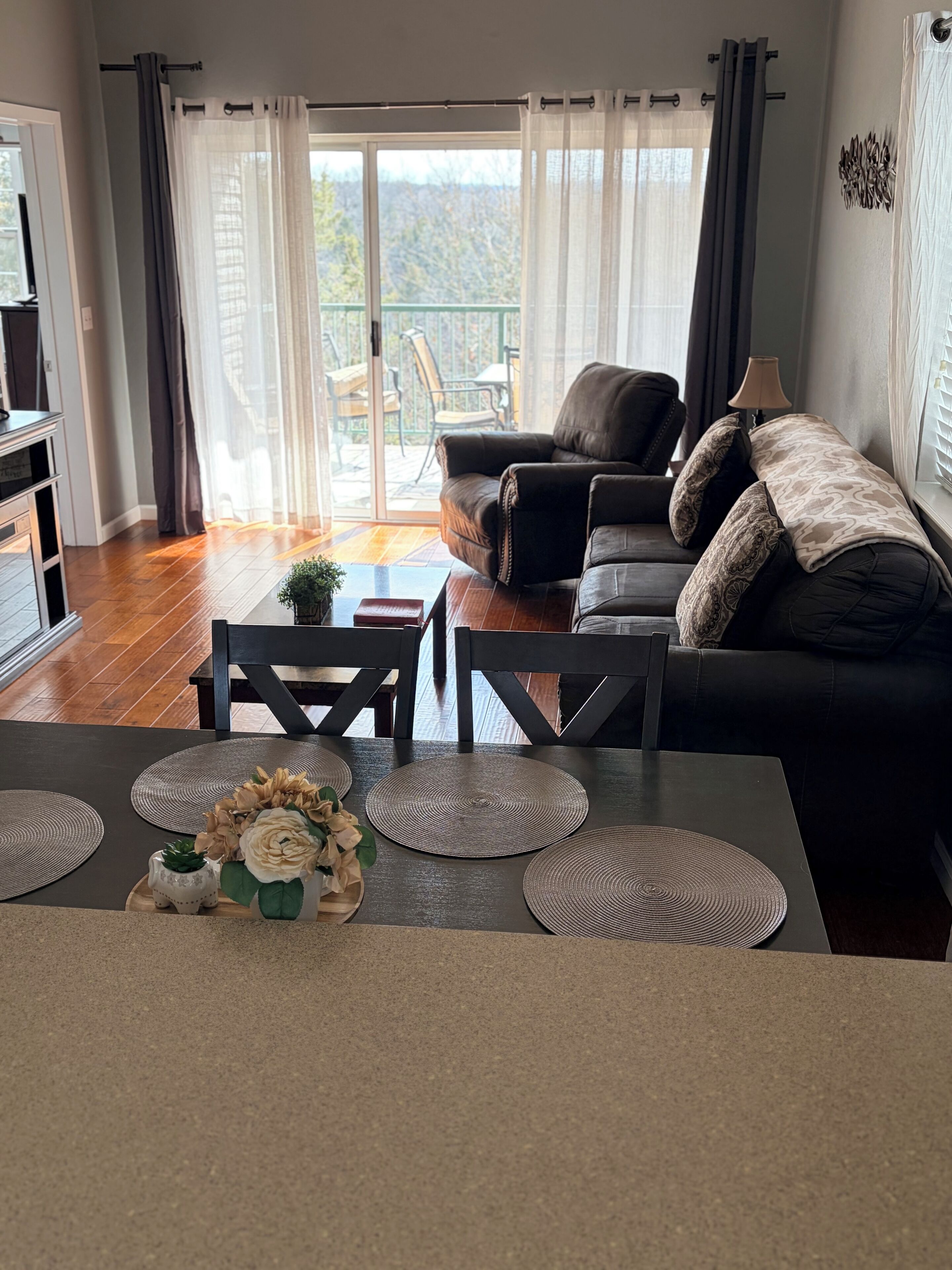 Una sala moderna con sofá, mesa de centro y objetos decorativos. Unos ventanales corredizos dan a un patio exterior.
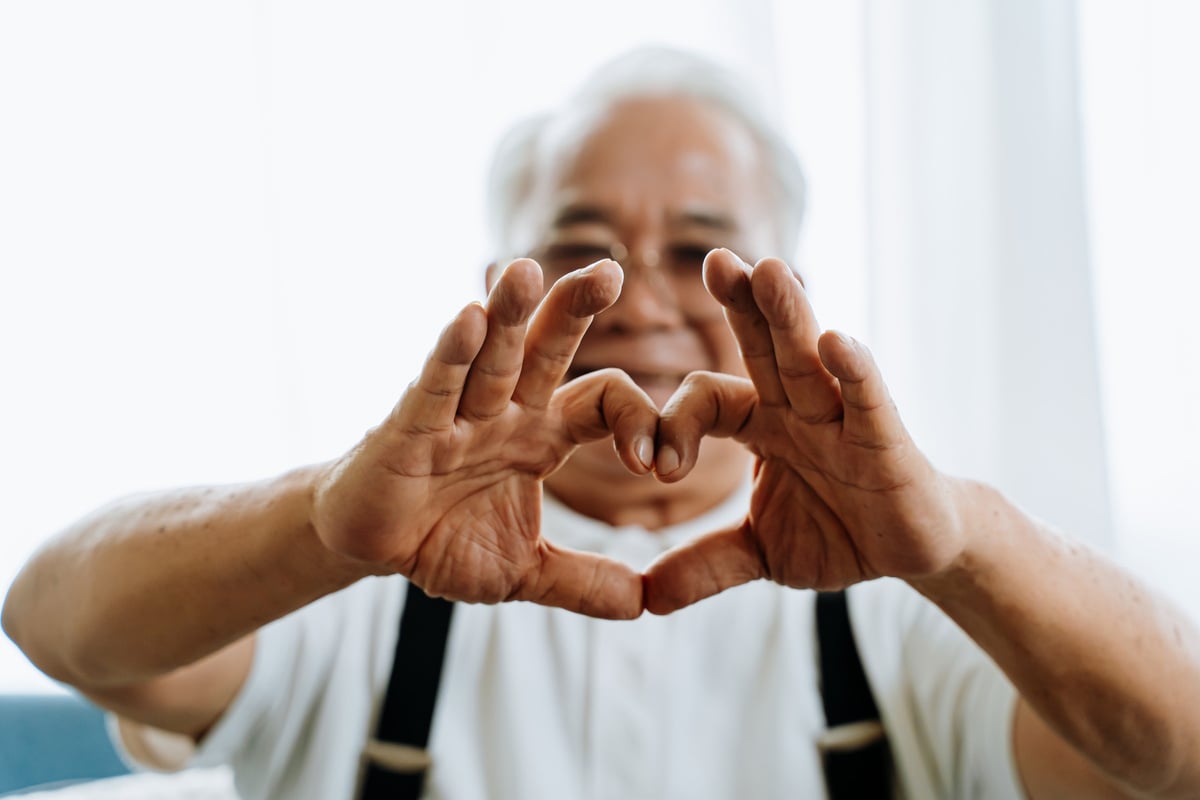 Elderly Man Making a Hand Heart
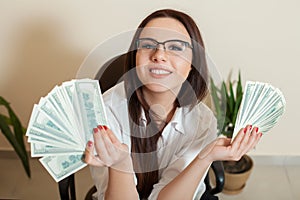 Business woman with money fans in hands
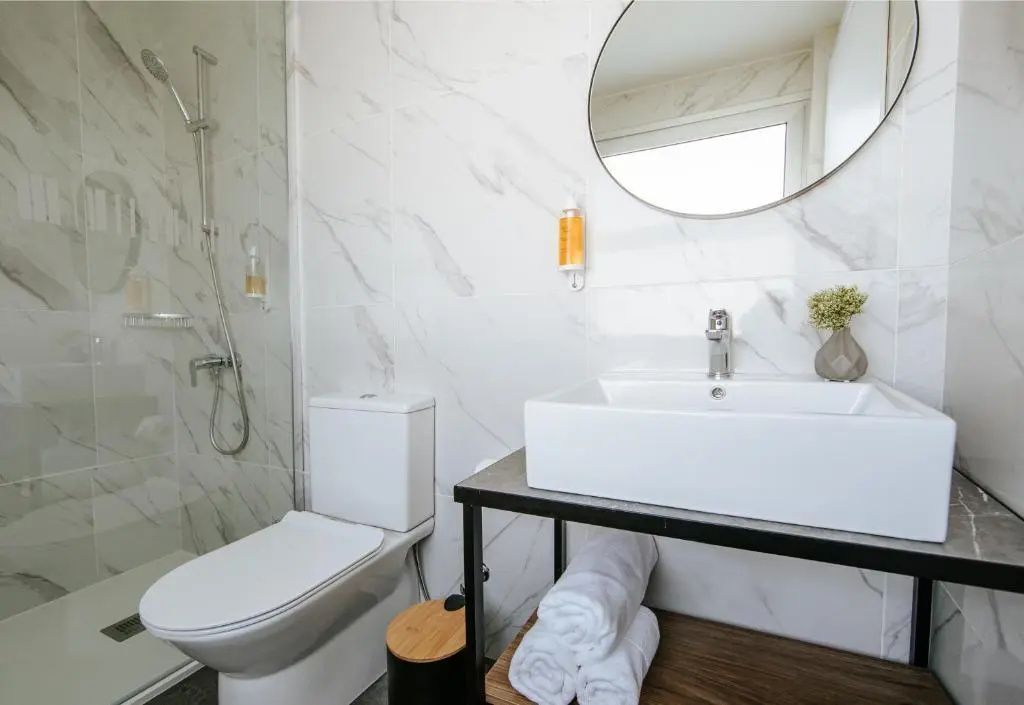 Modernes Badezimmer in Marmoroptik mit eckigem Waschbecken, rundem Spiegel und Dusche.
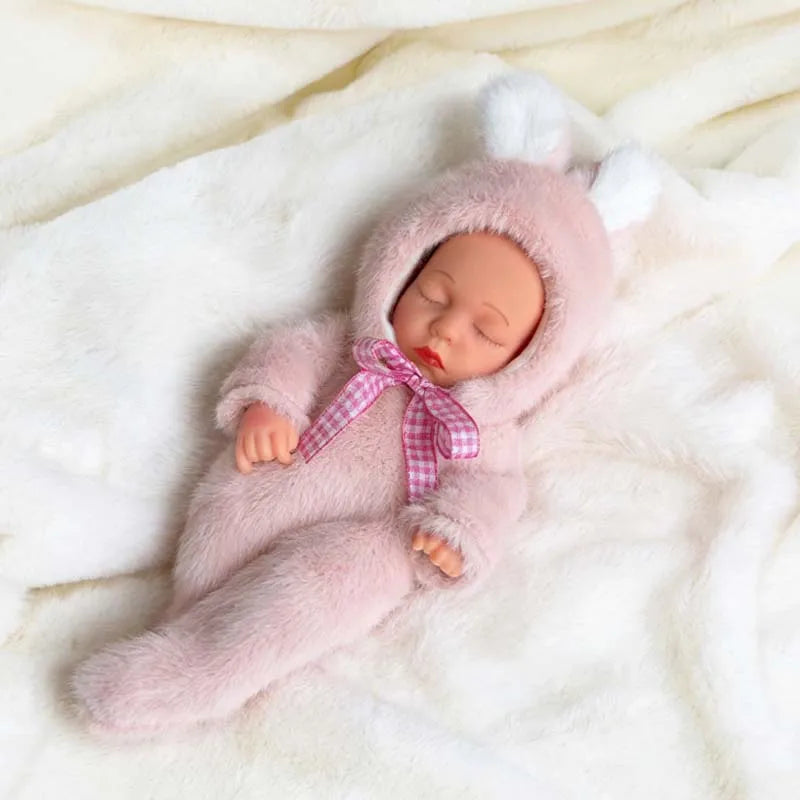 A realistic soft vinyl baby doll wearing a pink fuzzy outfit and hood, lying on white fur fabric.
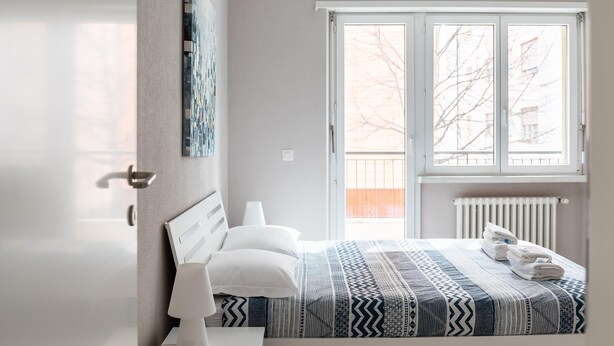 Un dormitorio con cama, mesita de noche, lámpara, ventana con vistas a árboles y radiador.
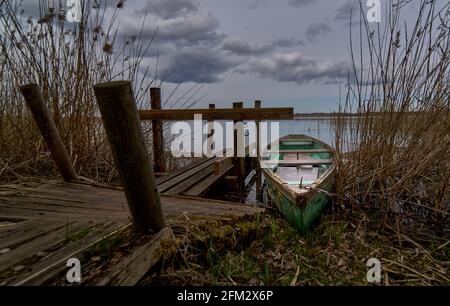 Ein kleines grünes Boot schwimmt auf dem See in der Nähe der pier Stockfoto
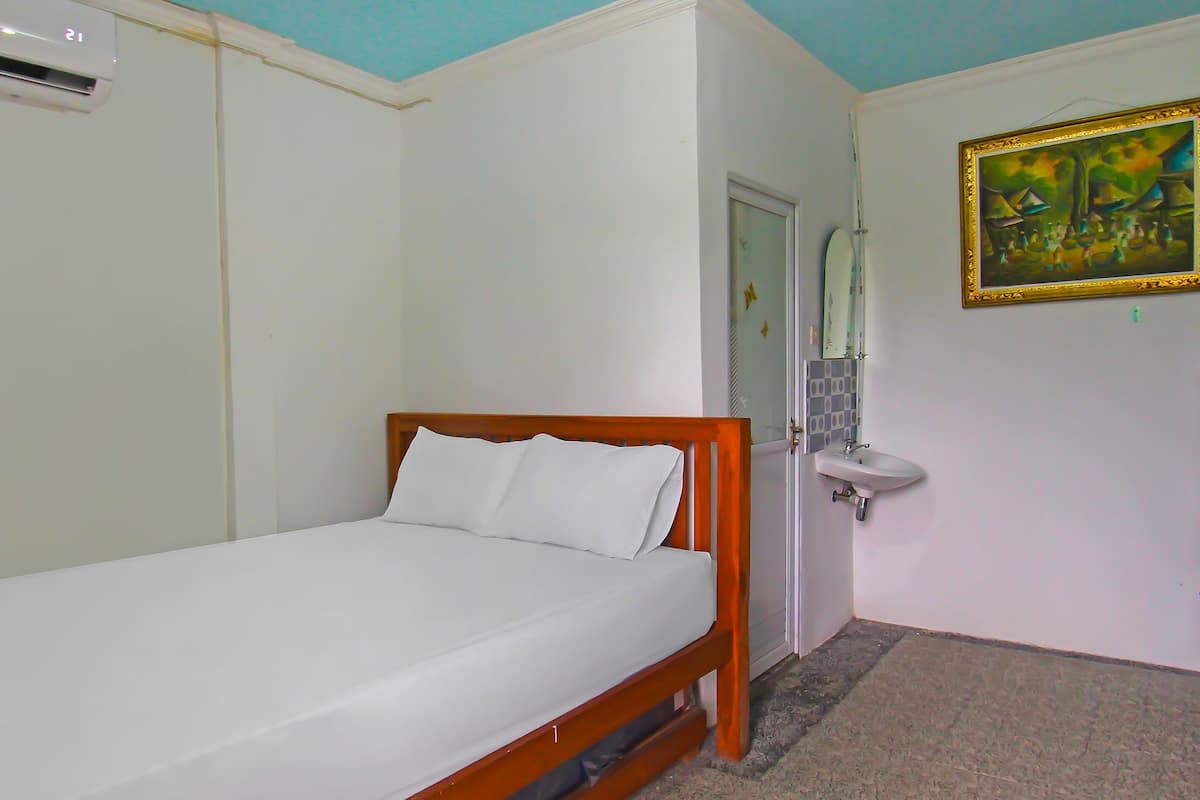 A single bed with a wooden frame and white bedding in a room with white walls, a white ceiling, and a painting on the wall.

What to do.
Set each line of the records down again exactly as it reads. Omit the pictures.

Your solution.
 Una sala moderna con sofá, mesa de centro y objetos decorativos. Unos ventanales corredizos dan a un patio exterior.
 Elderly Man Making a Hand Heart
 Business woman with money fans in hands
 Modernes Badezimmer in Marmoroptik mit eckigem Waschbecken, rundem Spiegel und Dusche.
 A realistic soft vinyl baby doll wearing a pink fuzzy outfit and hood, lying on white fur fabric.
 Un dormitorio con cama, mesita de noche, lámpara, ventana con vistas a árboles y radiador.
 Ein kleines grünes Boot schwimmt auf dem See in der Nähe der pier Stockfoto
 A single bed with a wooden frame and white bedding in a room with white walls, a white ceiling, and a painting on the wall.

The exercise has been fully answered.